Machine learning is an application of artificial intelligence (AI) that allows systems to automatically learn and refine from that learning while not being programmed explicitly. In other words, the field emphasizes on learning – that is obtaining skills or knowledge from experience; this also means, synthesizing useful notions from historical records. As a practitioner in machine learning, you will encounter various types of learning field. So today, we will go over a few of the most common machine learning models used in practice today. We’ve already discussed the major difference between supervised Vs Unsupervised Learning in detail, let us dive into it shortly!
Supervised learning revolves around learning a function that draws an input to an output based on input-output pairs. This algorithm consists of a target variable that must be predicted from a given set of independent variables. We can generate a function that maps input to projected outputs by using the set of variables. The training process continues until the model attains its desired level of precision on the training data.
In unsupervised learning, we don’t have any target variable to predict. This algorithm maps inferences from datasets, containing input data without labeled responses. In unsupervised learning, the most frequently used method is cluster analysis – it is used for exploratory data analysis to find obscured grouping in data.
By using this algorithm, the machine is trained to make critical decisions, as it is subjected to a condition where it must train itself frequently via trial and error. The machine learns from previous experience and looks forward to absorbing the optimum knowledge to make appropriate business decisions.
Now, let’s have a look at some of the most essential machine learning models!
Based on supervised learning, linear regression performs regression tasks. It models a target prediction value based on independent variables and is primarily used for figuring out the relationship between variables and forecasting. Different regression models vary – based on the type of relationship between dependent and independent variables that they are considering, and the number of independent variables being used. Apart from that, linear regression is one of the most renowned and well-understood algorithms in statistics and machine learning.
Decision trees are used for both classification and regression tasks and lie in a non-parametric supervised learning category. They are popular models – used in strategic planning and machine learning and create a model that forecasts the value of a target variable by learning basic decision rules contingent from the data features. Decision trees are instinctive and quite easy to build however, they hit the skids when it comes to providing accurate results.

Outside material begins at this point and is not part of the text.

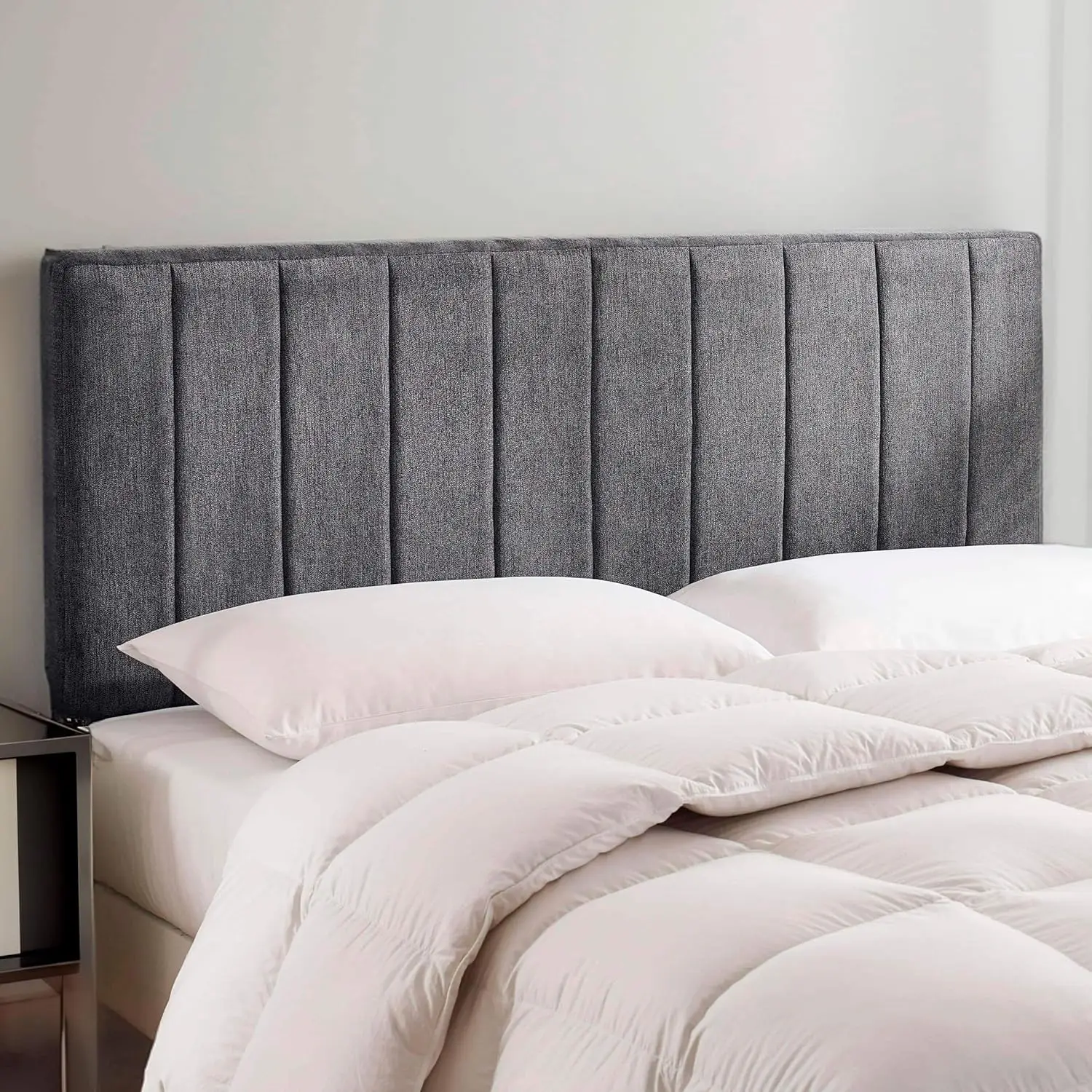 

King Size Upholstered Headboard with 3D Soundproof Panels - Easy Wall Mount, Grey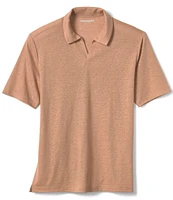 Johnston & Murphy Linen V-Neck Short Sleeve Polo Shirt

Random forest is an ensemble learning technique – a group of decision trees. This technique creates multiple decision trees via bootstrapped datasets of the original data and erratically selects a subset of variables at each phase of the decision tree. Then, it selects the mode of all of the forecasts of each decision tree and predicts the final output. If the number of trees in the forest is high, the output will be accurate and prevent the problem of overfitting.

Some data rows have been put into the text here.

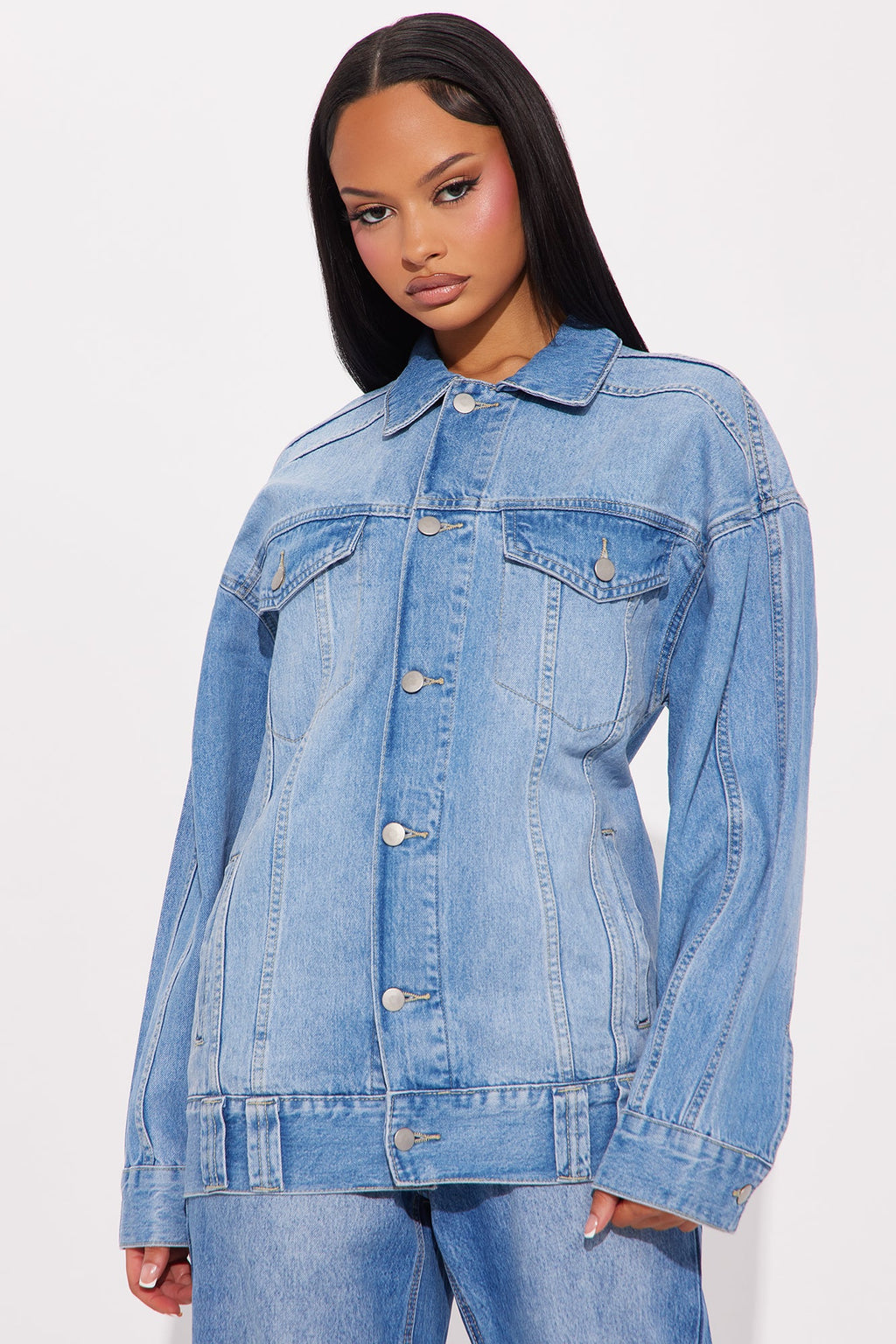 Maliyah Oversized Denim Jacket - Medium Wash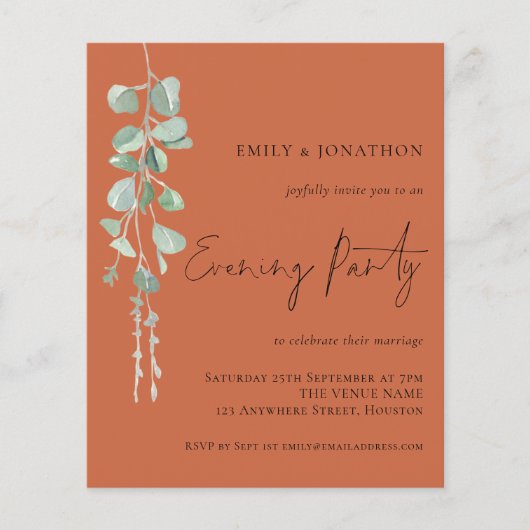 Begroting Eucalyptus Wedding Evening Party Terraco (Voorkant)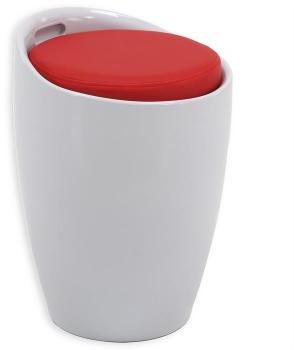 Tabouret coffre de rangement DANIEL blanc rouge Tabouret coffre de rangement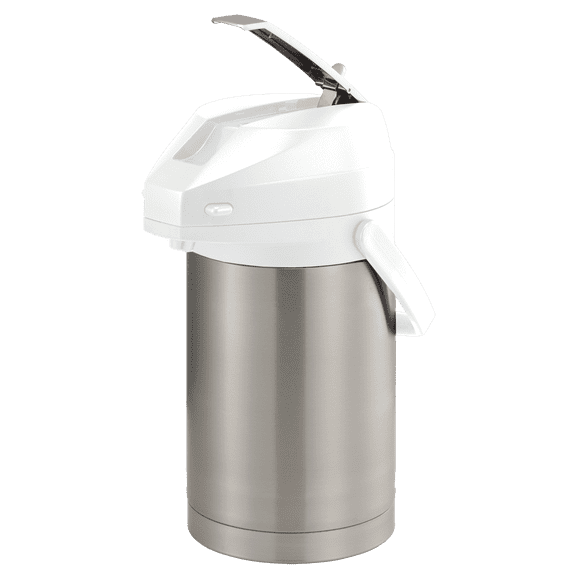 Airpot Coffee Dispenser with Lever Lid, 2.5 Liter, Stainless Vacuum Insulated, Stainless/White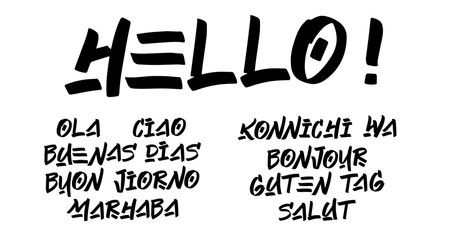 Set of hello brush paint hand drawn lettering on white background. Ola, Ciao, Buenas Dias, Buon Jiorno, Marhaba, Konnichi Wa, Bonjoir, Guten Tag, Salut 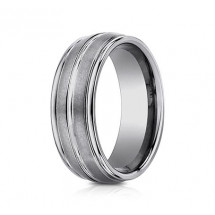 8mm Tungsten Ring With Satin Finish & High Polish Center & Edges | ARECF58180TG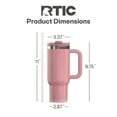 thumbnail image 6 of RTIC 30 oz Ceramic Lined Road Trip Tumbler, Leak-Resistant Straw Lid, Dusty Rose Glitter, 6 of 10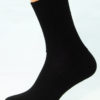 A black cotton Prosox Ankle Length Sock that has been placed on a mannequin leg to demonstrate the appearance when worn on an actual leg.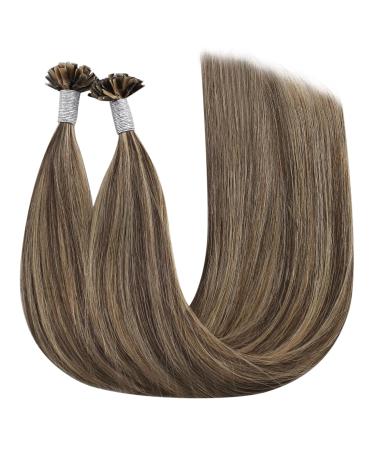 Youngsee Bonding Extensions - Real Hair U Tip Extensions 35cm Dark Brown with Blonde Keratin Bondings | 50g #P4/27 - Ideal for Seamless Volume & Length - Buy Online on GoSupps.com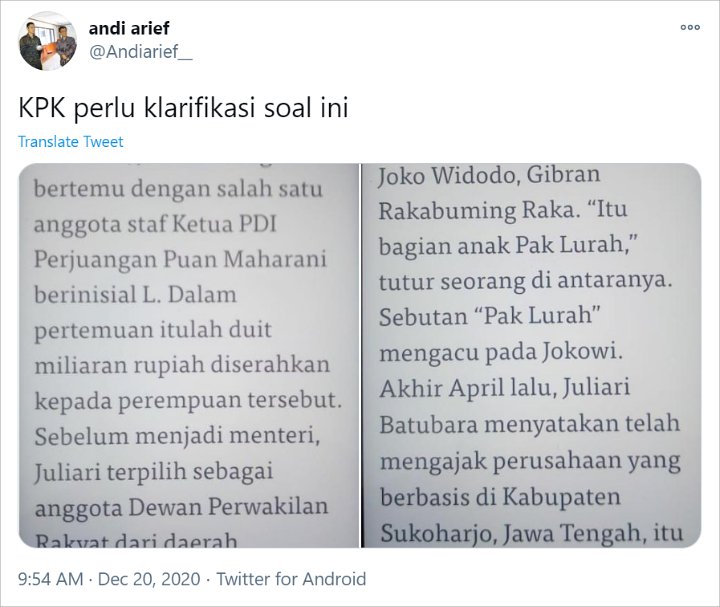 adni arief tanggapi gibran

This multi-layered model is inspired by the human brain as it untangles and disintegrates highly complex relationships between variables. What makes neural networks different from other machine-learning algorithms is that their architecture is inspired by the neurons in the brain. Just like a brain neuron, it receives input and based on that input, lets off an output – used by another neuron. Neuron network uses artificial intelligence and simulates this behavior in learning about synthesized data and predicts the outcome. Also, they are very complex and very mathematical.

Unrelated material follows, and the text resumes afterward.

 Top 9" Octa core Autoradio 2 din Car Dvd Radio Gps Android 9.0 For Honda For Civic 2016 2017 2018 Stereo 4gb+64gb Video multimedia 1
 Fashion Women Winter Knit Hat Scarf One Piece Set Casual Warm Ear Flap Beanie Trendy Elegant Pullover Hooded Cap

Logistic regression was first used in the biological sciences in the early 20th century. But today, it is used when the dependent variable (target) is categorical. It widely scrutinizes and describes the connection between a binary response variable and a set of predictor variables. The main goal of logistic regression is to replicate the mean of the response variable; given a set of predictor variables. However, what differentiates logistic regression from linear regression is that the response variable is binary instead of perpetual.
Following are three types of logistic regression:
- Binary Logistic Regression
- Multinomial Logistic Regression
- Ordinal Logistic Regression
In a nutshell, there are heaps of complications when you turn to any specific model and in this blog, we have provided you the most important machine learning models used for practical purposes. Selecting the right model for a specific use case is crucial to get an accurate outcome of a machine learning task. Comparing the performance between different models, evaluation metrics or KPIs are distinct for certain business problems. So, go ahead and choose the best model for production after applying the statistical performance checking.